*Activity*
Return the data below in full and exactly, except that the pictures are dropped.
═══ Data extract
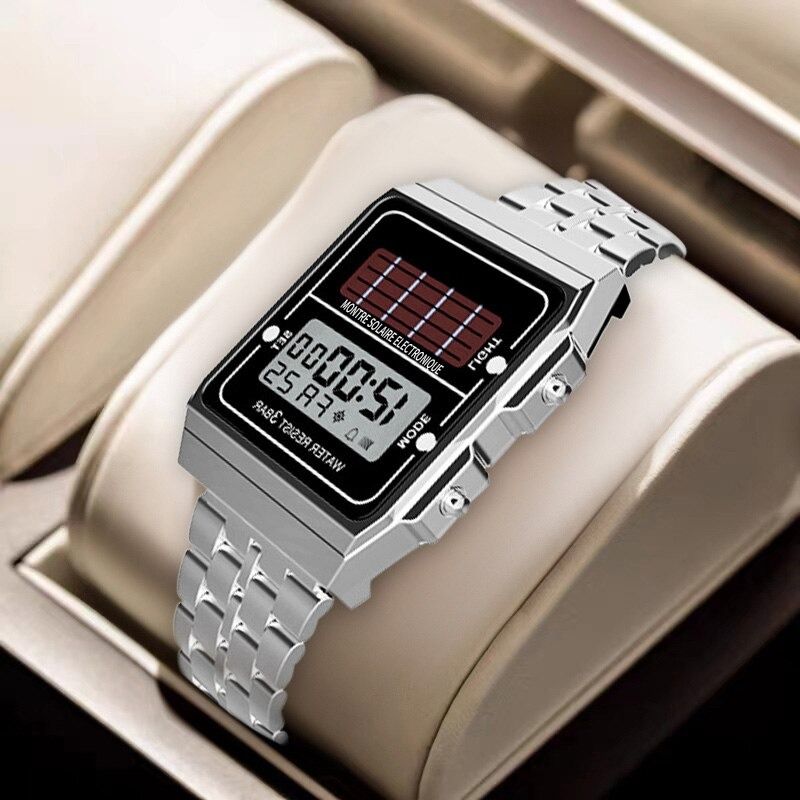 2023 solar Watch for men 30m Waterproof Small squares Mature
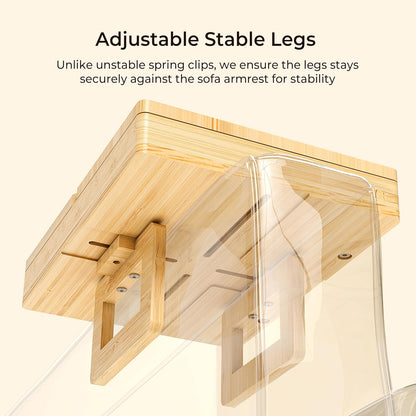 Wealone Bamboo Couch Arm Tray with 2 Rotatable Tray, Adjustable Sofa Arm Clip Table with Storage Box & 360° Phone Holder, Couch Armrest Table for Snacks, Drinks or Dining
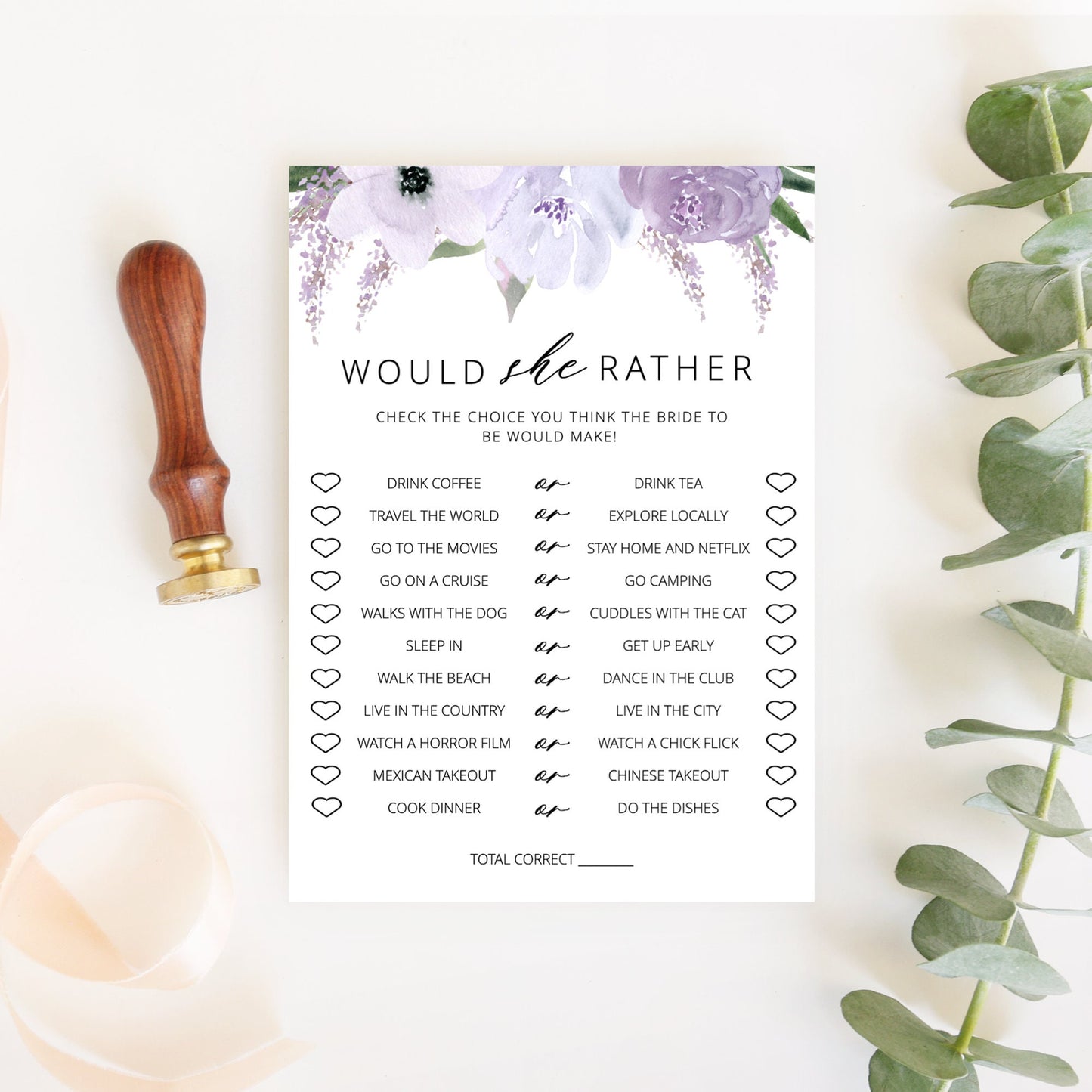 Editable Would She Rather Bridal Shower Games Purple Floral Lavender Wedding Shower Games Template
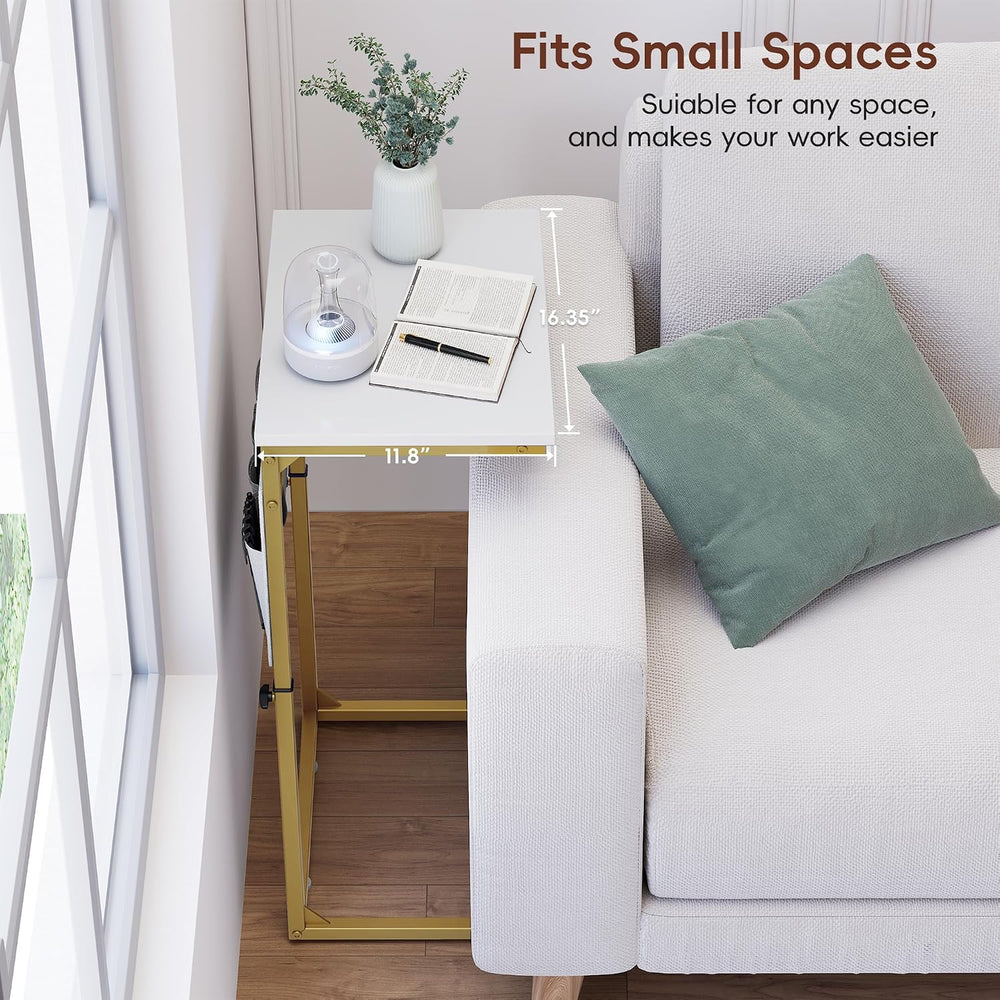 Vagusicc C Shaped End Table, 33'' Tall Side Table for Couch, Adjustab...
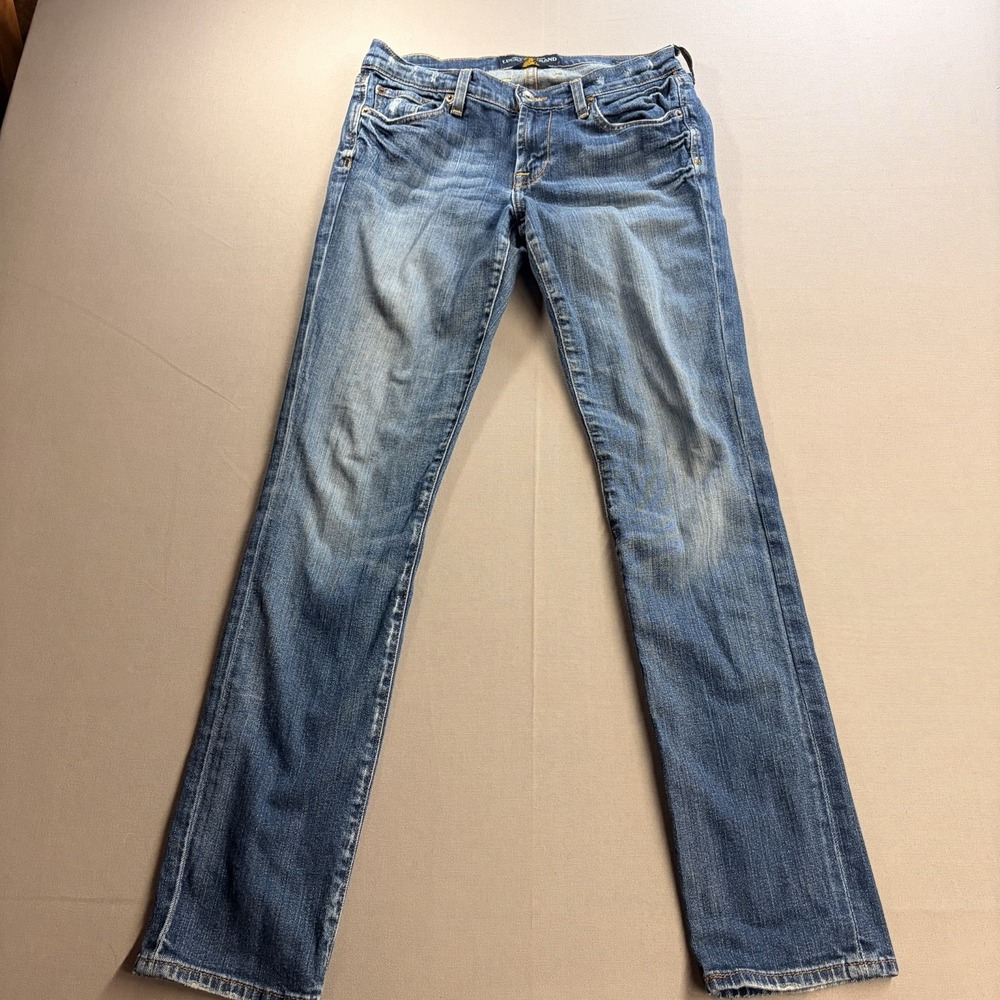 Lucky Brand Sweet N Straight Jeans Womens 6/28 Low Rise Distressed Blue Denim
══════
*Your solution*
 2023 solar Watch for men 30m Waterproof Small squares Mature
 Wealone Bamboo Couch Arm Tray with 2 Rotatable Tray, Adjustable Sofa Arm Clip Table with Storage Box & 360° Phone Holder, Couch Armrest Table for Snacks, Drinks or Dining
 Editable Would She Rather Bridal Shower Games Purple Floral Lavender Wedding Shower Games Template
 Vagusicc C Shaped End Table, 33'' Tall Side Table for Couch, Adjustab...
 Lucky Brand Sweet N Straight Jeans Womens 6/28 Low Rise Distressed Blue Denim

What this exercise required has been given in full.